In 1949, Wang Nong left Beiping and, after traveling through Hangzhou and Shanghai, arrived in Taiwan via Fuzhou. He worked as a propaganda soldier alongside the educator and artist Ye Zuibai. He also frequently published comics in newspapers and magazines. In 1951, he participated in the anti-communist art exhibition organized by the Political Warfare Department of the Ministry of National Defense and the Taiwan Provincial Department of Education, winning first place in the comic category under the pseudonym Wang Laosan. In 1952, he joined the Taipei Textile Factory of the Taiwan Mining and Manufacturing Company as a graphic designer. In 1954, he held a batik painting exhibition at the International House in Taipei. Between 1964 and 1967, he assisted Hong Kong film director Li Hanxiang (also a fellow alumnus of the Beiping Art School) in designing costumes, scenery, flags, and horse decorations for the costume film Hsi Shih: Beauty of Beauties, produced by Grand Motion Pictures Co., Ltd. In 1967 he started his own wallpaper factory, but the business failed, prompting him to return to art. In 1973, Wang held a solo ink painting exhibition at the National Taiwan Museum of Fine Arts. In 1975, his ink painting work Beyond the Great Wall was recommended by the National Museum of History for the 2nd International Biennial Exhibition of Uruguay. In 1978, he received the first-place award in the Chinese painting category at the Zhongshan Literary and Art Creation Awards. In 1983, he was invited to hold his first solo exhibition at the National Museum of History. In 1983 and 1984, he held two solo exhibitions at the Hong Kong City Hall. In 1989, he was invited by the China Artists Association and Xu Beihong Memorial Museum to hold a special exhibition at the National Art Museum of China in Beijing, which led to him traveling and holding exhibitions across China. Wang died on March 28, 2013, in Taipei at the age of 88.

== Artistry ==
Art historian Liu Chuanming noted that Wang Nong incorporated Western painting techniques, such as chiaroscuro, light and shadow, and perspective, into his Chinese painting creations, based on his foundation in Western painting techniques. He depicted landscapes and animal subjects related to his childhood memories of migration in China's border regions. In addition to animal paintings, Wang's passion for Peking opera led him to depict characters from the opera in his artworks.
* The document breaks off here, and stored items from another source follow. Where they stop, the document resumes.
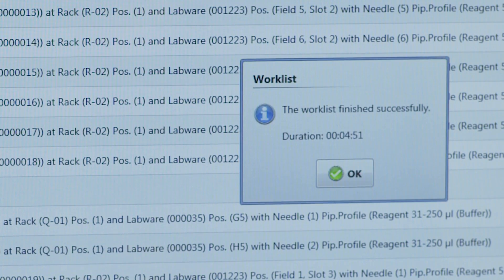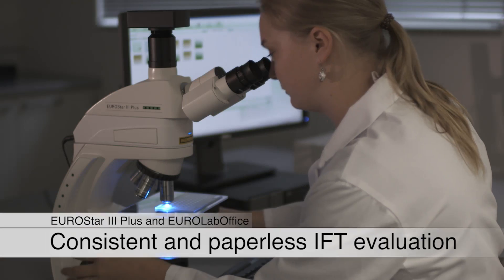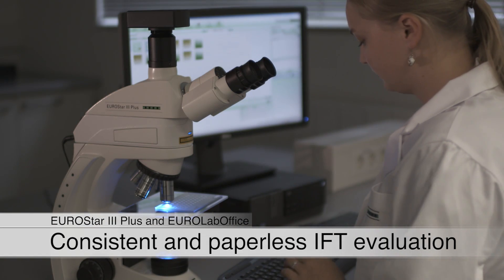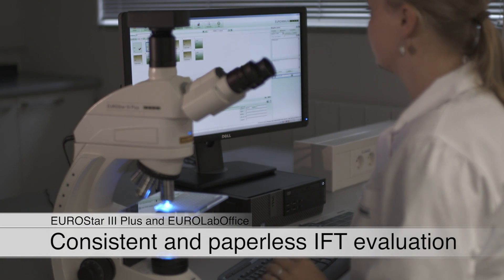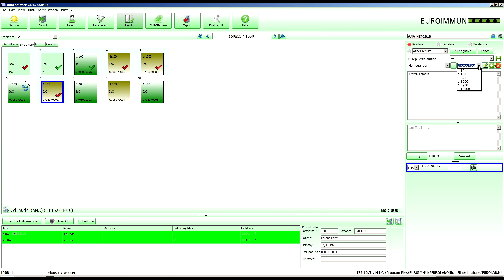After the incubation, the results can be entered into EuroLab Office paper-free and directly at the microscope for more efficiency, comfort, and safety.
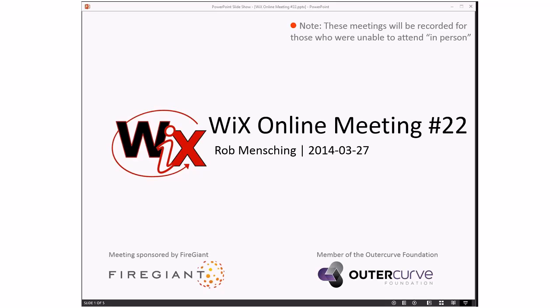Good morning, good afternoon, good evening. This is the WiX online meeting number 22. As always, these meetings are recorded for those people that weren't able to make it here in person.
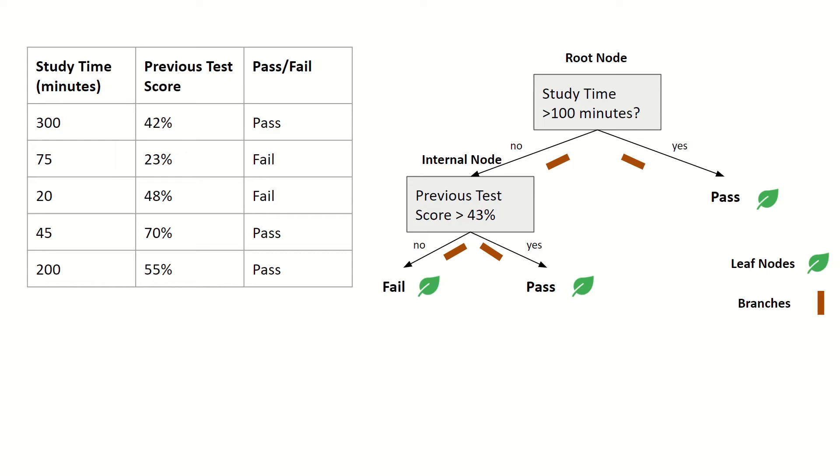In the previous episode, we went over decision trees and how they can be built using information gain. This episode builds upon that, so I would recommend watching that episode before watching this one.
Xu Beihong once invited Qi Baishi to demonstrate his techniques to students at the Beiping Art School. Qi Baishi's daily routine involved using ink lines that could penetrate to the back of paper until the paper turned completely black. Wang Nong adopted this technique of using lines and ink to create a translucent effect. The painter Xu Qingping stated that Wang had a straightforward personality typical of people from Northeast China, and he had a good grasp of the local customs and natural forms of China's border regions, and created a sense of openness in his painting compositions. Wang used splash-ink techniques to create a strong sense of movement and momentum in his depictions of horses. The painter Liang Junwu noted that Wang portrayal of Mongolian horses emphasized the developed chest, leg tendons, robust physique, and thick hoof horn of the horses.

Wang Nong attended performances of the Peking opera troupe at the Beiping Art School, and also took the stage as an amateur enthusiast, which influenced his creation of Peking opera-themed artwork. Xu Qingping analyzed that Wang first outlined the overall silhouette of the characters using large color blocks and then added details such as facial expressions, gestures, and props such as whips or sticks, completing the brushwork in one go. By unifying the brushwork, the artist brought vitality to the composition, which combined with vivid color contrasts created the artistic effect of the artwork.